Firefighters carry out the chosen exercise during the training of recruits. Its goal is to teach recruits the procedure they should perform in an urban fire scenario and are faced with a closed door. This exercise teaches recruits how to assess the fire situation inside the enclosure, how the door opening procedure is performed, and how to position and collaborate with other team members during the door opening procedure. Two reasons led to the choice of this training exercise in particular, one of which was the existence of a partnership between the authors and a local fire department, which allows an iterative development of the training VE and a consequent validation of it. The other reason was the possibility of this VE being used in the future to complement the training of firefighters. This would benefit firefighters, as the exercise is not performed as frequently as the commanders would like, primarily due to the high costs associated with the required resources.

2 Related work

One of the threats to operationalising a VE for training firefighters or any occupation is the uncertainty of transferring knowledge and/or skills to the RE. To combat this threat, it is crucial to research the ability of a VE to transfer knowledge and skills to the RE and the ability of a VE to be perceptually equivalent to its RE counterpart.

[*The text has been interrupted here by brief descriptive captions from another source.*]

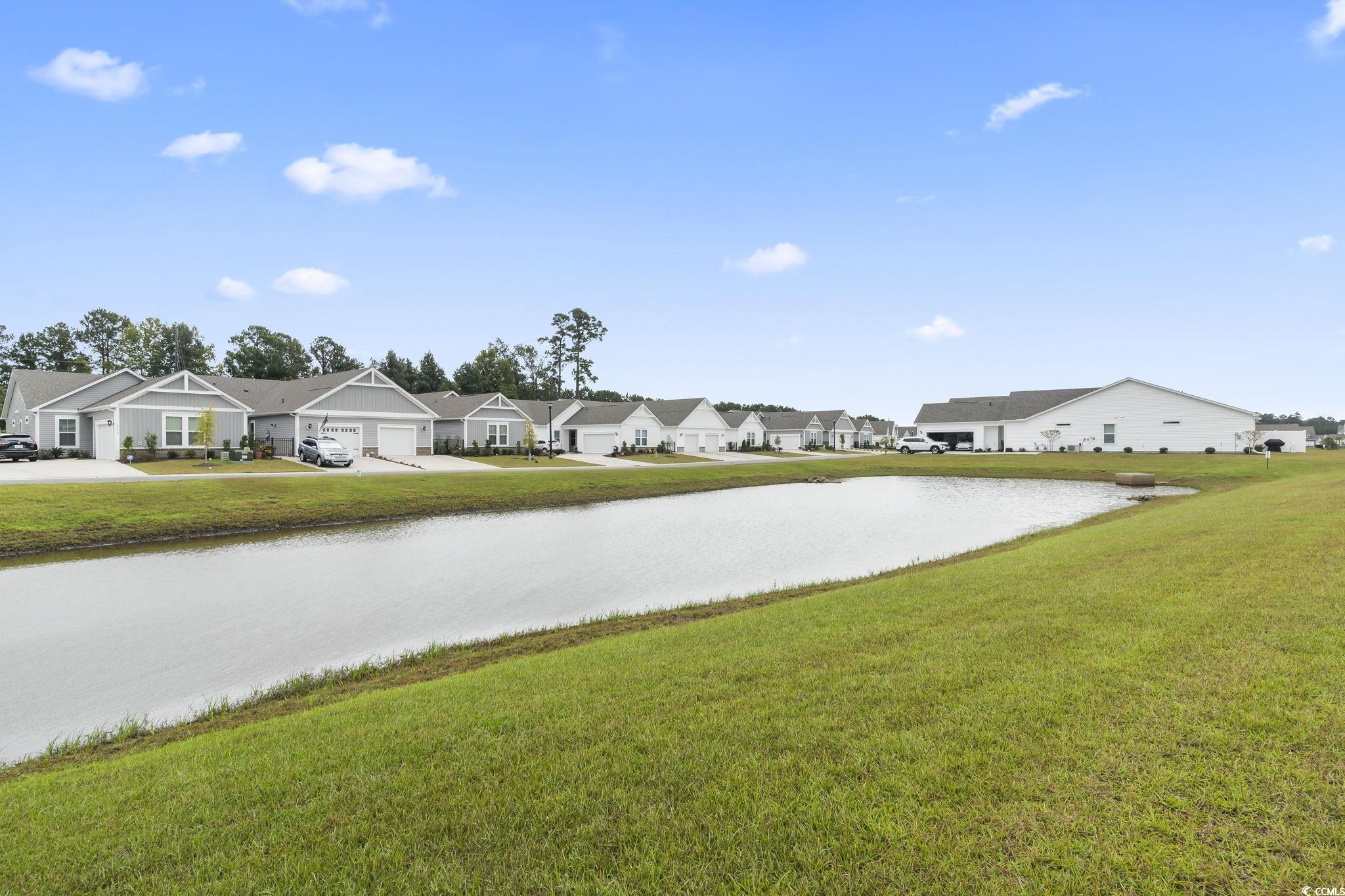 4040 Taranto Loop, Unit 5303C Myrtle Beach, SC 29579 - Photo 32 of 38 View of asphalt street with a water view and a residential view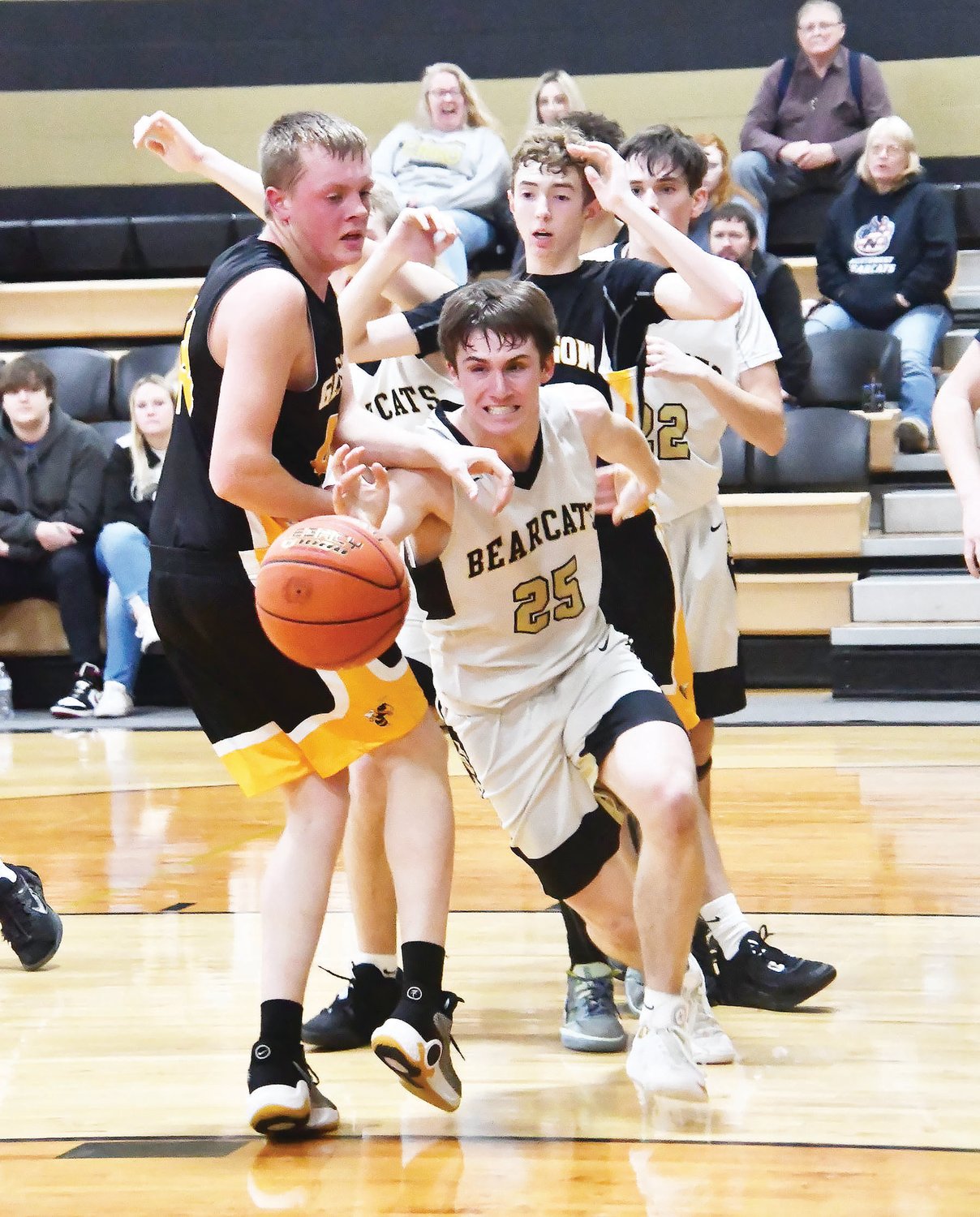 Cairo senior Logan Head (25) chases after the ball while pursued by Glasgow's Preston Thies during a Central Activities Conference boys basketball in Cairo on Thursday, Jan. 12. The Bearcats won, 57-47.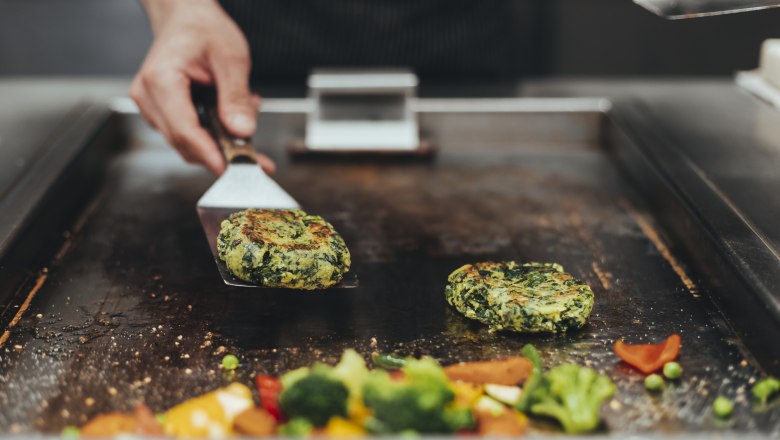 Colorful cuisine with own vegetable and herb cultivation, © Niederösterreich Werbung/David Schreiber A cook turns vegetable patties on a grill plate, surrounded by colorful vegetables.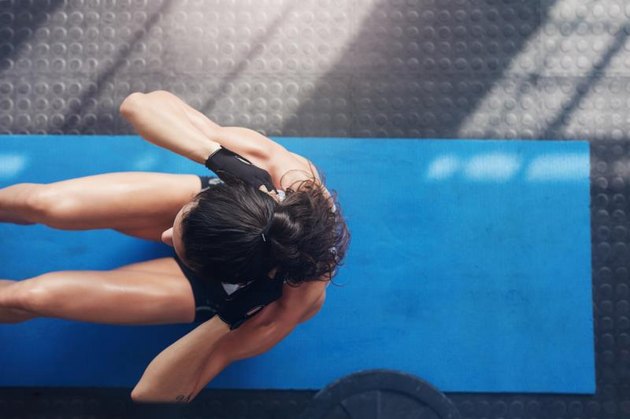 How to Do Sit-Ups Without Anchoring Your Feet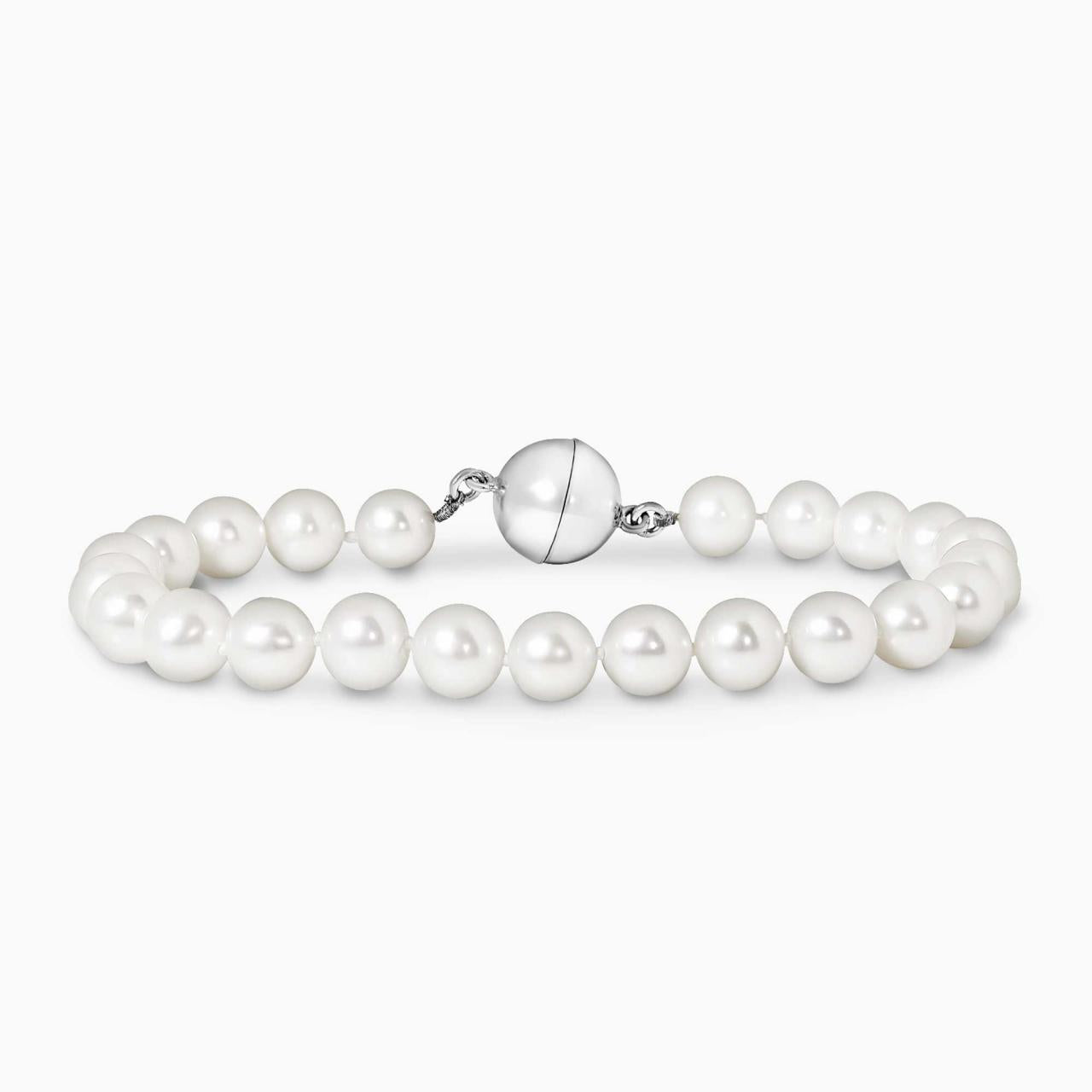 Fresh water 8mm pearls bracelet ended with a silver magnetic ball clasp from the Carmela Cerrone Collection on a white background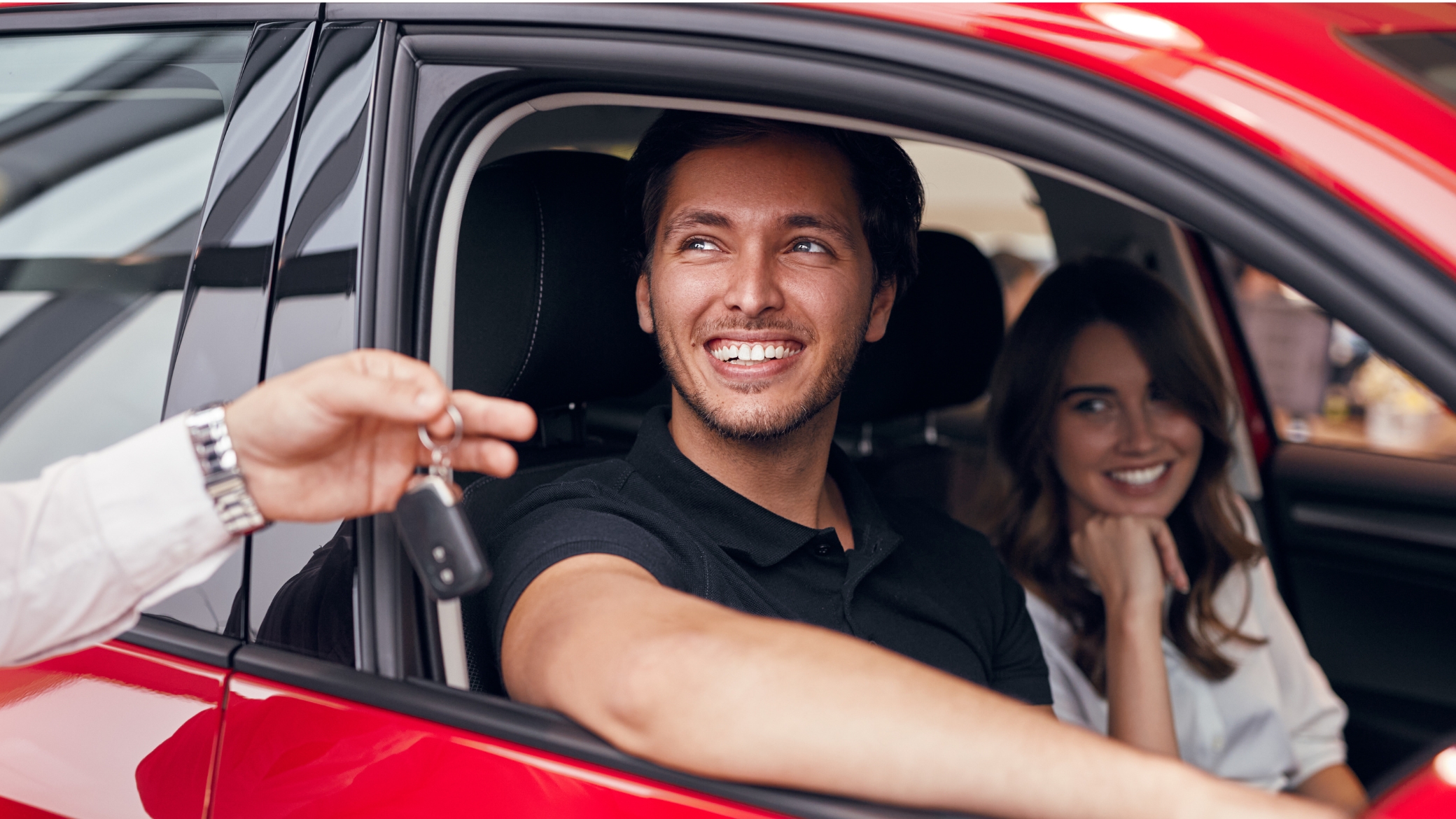 Happy couple renting car together.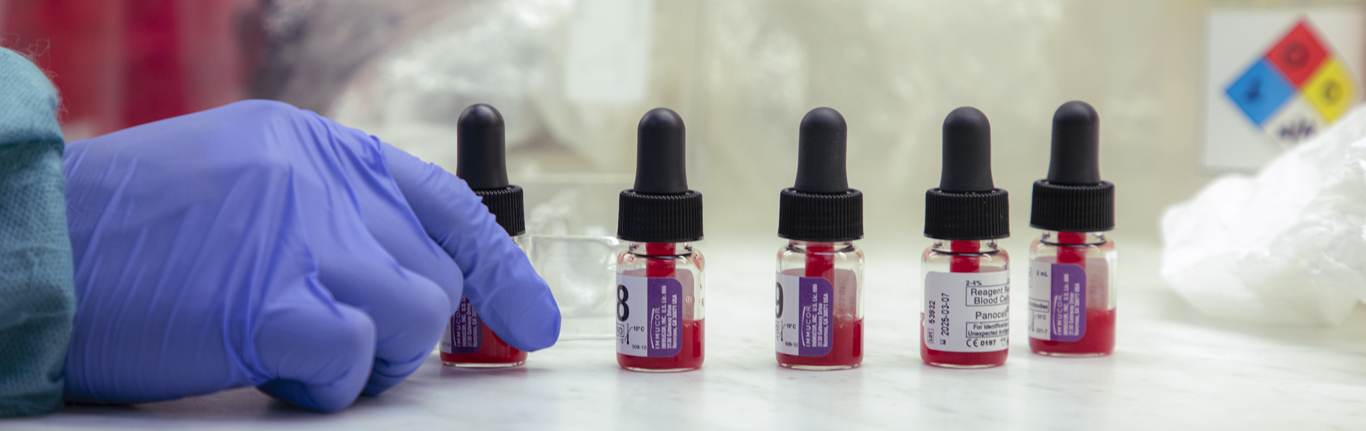 CLS student's glove handling blood vials in lab.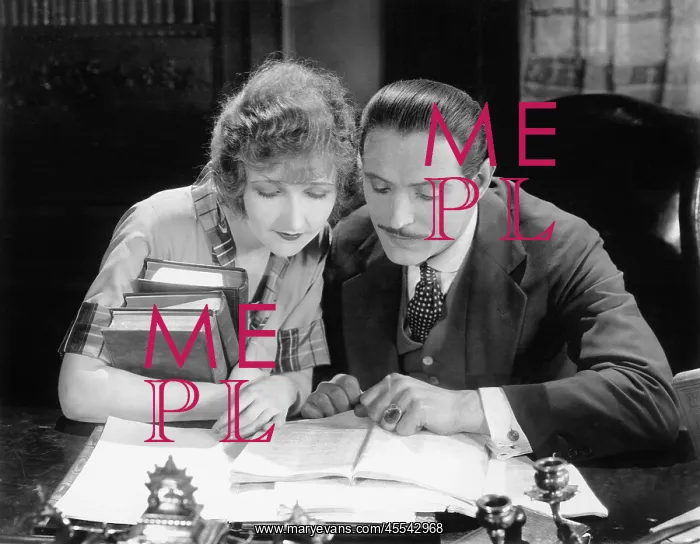 : Woman and man sitting together and looking at a book : Woman and man sitting together and looking at a book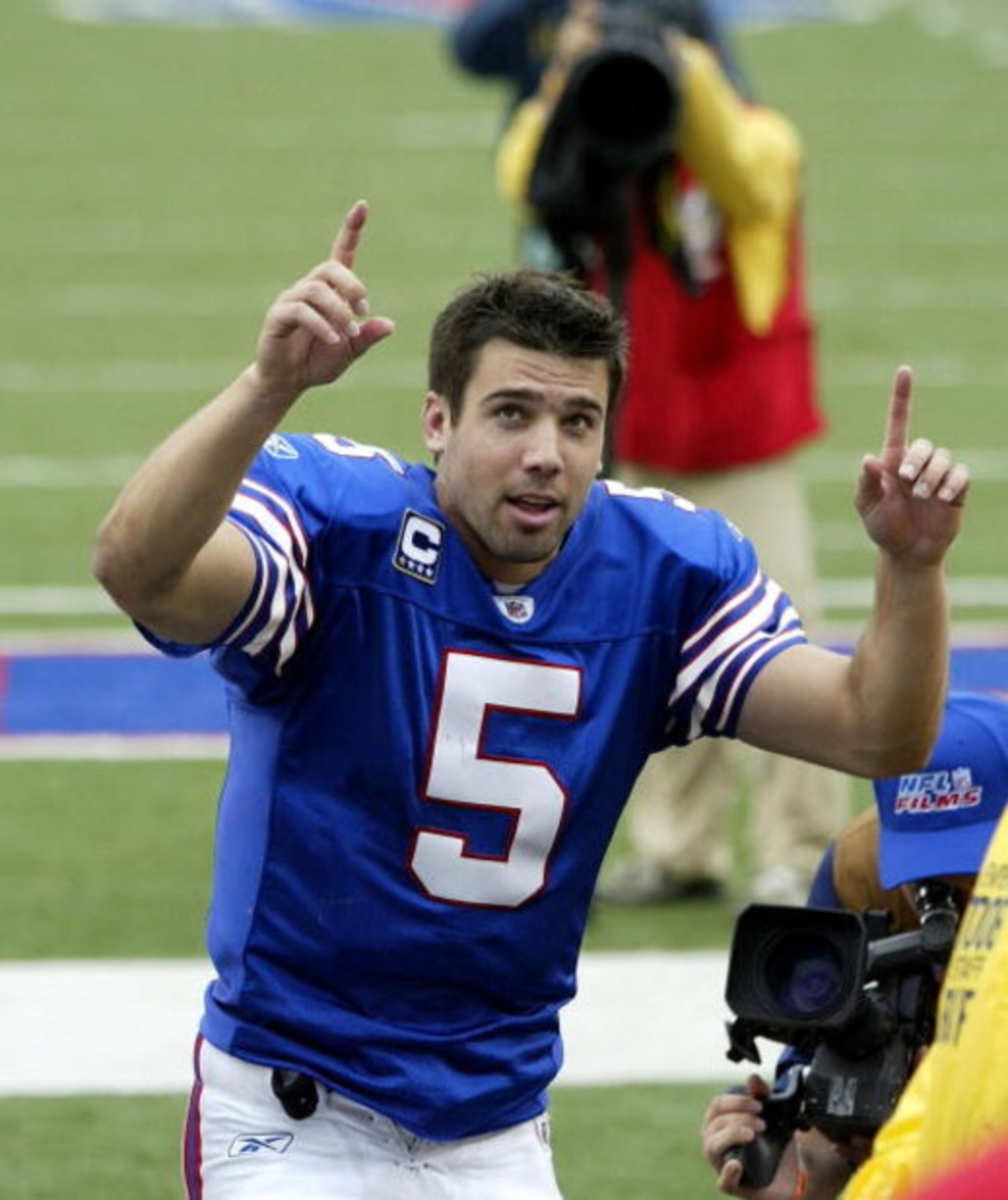 ORCHARD PARK, NY - SEPTEMBER 21: Trent Edwards #5 of the Buffalo Bills acknowledges fans as he runs off the field after defeating the Oakland Raiders on September 21, 2008 at Ralph Wilson Stadium in Orchard Park, New York. Buffalo won 24-23.   (Photo by R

The literature presents a few works that address using VEs for firefighter training and study their effect on users’ performance. To the best of the authors’ knowledge, the first work to appear in the literature was conducted by Bliss et al. (1997). In this work, the authors compared the effectiveness of using a blueprint to navigate inside a building (traditional method) against a VE, presented through an I-glasses Head Mounted Display (HMD), in teaching spatial navigation skills. The results of this study were positive, indicating that the plant and the VE were equally effective and that both proved superior to lack of training. In the same year, Tate et al. (1997) presented a study where a VE, visualised through a Virtual Research VR4 HMD, was used to train firefighters against ship fire situations and practise missions (mission rehearsal). The results showed that the participants who used the VE to practise missions improved significantly compared to those who did not have access to the VE. In the following years, the works that presented VEs to train firefighters did not report tests with firefighters or users in general; they did not focus on the effect of virtual training on reality but on other aspects, such as implementing the VE or the realistic simulation of flames (e.g. Li et al. 2005; Querrec et al. 2003). The following work to study the effect of a VE on firefighter training came almost a decade later (Backlund et al. 2007). This work presented a game-based firefighter training simulator named Sidh-, which was developed for Cave Automatic Virtual Environments (CAVE). A CAVE is essentially an empty room in the shape of a cube in which each surface—the walls, floor, and ceiling—may be used as projection screens to create a highly immersive virtual environment (Cruz-Neira et al. 1992). The goal of Sidh was to train inexperienced firefighters in a task that consisted of entering a burning building and looking for victims. To evaluate the VE, the authors compared the performance of firefighters who used the VE to train the procedure against the performance of firefighters who did not use VE. The results indicated the system's usefulness and suggested that training simulators to train firefighters was feasible.

Another work that targeted inexperienced firefighters was Cha et al. (2012). The authors presented a VE, visualised through an HMD (unspecified), which aimed to allow firefighters with little experience to train in simple rescue and evacuation activities. In this work, the authors mentioned positive feedback from a user study, suggesting that conducting a simple firefighter training course using VR technology is possible. Cohen-Hatton and Honey (2015) carried out three experiments to train firefighter commanders where the effect of goal-oriented training on decision-making processes was evaluated. In the three experiments, participants were exposed to different training scenarios and used different equipment, namely immersive (Oculus Rift DK1) and non-immersive (typical monitor). In all experiments, groups that received goal-oriented training were more likely to develop explicit plans rather than move directly to action. Based on the results, the authors stated that firefighter training could be readily altered to promote the explicit formulation of plans that could facilitate the sharing of plans between incident commanders and their teams.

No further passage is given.